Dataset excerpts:
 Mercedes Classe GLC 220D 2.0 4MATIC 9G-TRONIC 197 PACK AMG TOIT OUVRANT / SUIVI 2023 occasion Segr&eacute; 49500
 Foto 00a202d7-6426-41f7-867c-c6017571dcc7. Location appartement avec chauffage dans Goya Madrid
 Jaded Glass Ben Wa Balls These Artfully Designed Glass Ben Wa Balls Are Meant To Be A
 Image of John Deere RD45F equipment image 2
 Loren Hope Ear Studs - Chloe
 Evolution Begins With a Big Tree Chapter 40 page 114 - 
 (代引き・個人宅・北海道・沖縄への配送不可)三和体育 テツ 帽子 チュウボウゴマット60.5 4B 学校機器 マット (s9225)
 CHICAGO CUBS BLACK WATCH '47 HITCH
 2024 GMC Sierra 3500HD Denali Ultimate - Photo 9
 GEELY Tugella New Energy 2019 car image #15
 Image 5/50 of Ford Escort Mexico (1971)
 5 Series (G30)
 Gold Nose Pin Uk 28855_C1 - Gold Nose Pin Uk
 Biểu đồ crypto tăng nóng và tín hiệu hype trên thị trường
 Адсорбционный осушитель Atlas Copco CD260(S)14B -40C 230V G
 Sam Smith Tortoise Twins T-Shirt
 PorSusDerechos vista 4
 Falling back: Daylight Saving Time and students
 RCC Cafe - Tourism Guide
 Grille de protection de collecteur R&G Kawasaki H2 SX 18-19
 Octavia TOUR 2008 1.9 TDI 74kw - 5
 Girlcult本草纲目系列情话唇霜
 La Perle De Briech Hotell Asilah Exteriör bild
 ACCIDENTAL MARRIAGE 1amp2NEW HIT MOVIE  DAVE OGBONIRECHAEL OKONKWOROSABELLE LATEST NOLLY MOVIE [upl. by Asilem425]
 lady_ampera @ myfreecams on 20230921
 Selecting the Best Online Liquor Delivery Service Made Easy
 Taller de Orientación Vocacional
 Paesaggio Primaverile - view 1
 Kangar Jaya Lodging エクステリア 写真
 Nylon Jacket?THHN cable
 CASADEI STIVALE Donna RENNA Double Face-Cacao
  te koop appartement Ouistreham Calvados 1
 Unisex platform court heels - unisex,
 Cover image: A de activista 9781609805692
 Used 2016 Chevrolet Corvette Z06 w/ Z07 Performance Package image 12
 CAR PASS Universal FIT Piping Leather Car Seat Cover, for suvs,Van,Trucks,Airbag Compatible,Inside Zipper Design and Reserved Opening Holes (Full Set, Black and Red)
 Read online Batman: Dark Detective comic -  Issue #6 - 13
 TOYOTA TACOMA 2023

• What is required:
All that should appear in the response is the run of lines from the first line of the entries through the line containing "Jaded Glass Ben", copied exactly.

• Result below:
 Mercedes Classe GLC 220D 2.0 4MATIC 9G-TRONIC 197 PACK AMG TOIT OUVRANT / SUIVI 2023 occasion Segr&eacute; 49500
 Foto 00a202d7-6426-41f7-867c-c6017571dcc7. Location appartement avec chauffage dans Goya Madrid
 Jaded Glass Ben Wa Balls These Artfully Designed Glass Ben Wa Balls Are Meant To Be A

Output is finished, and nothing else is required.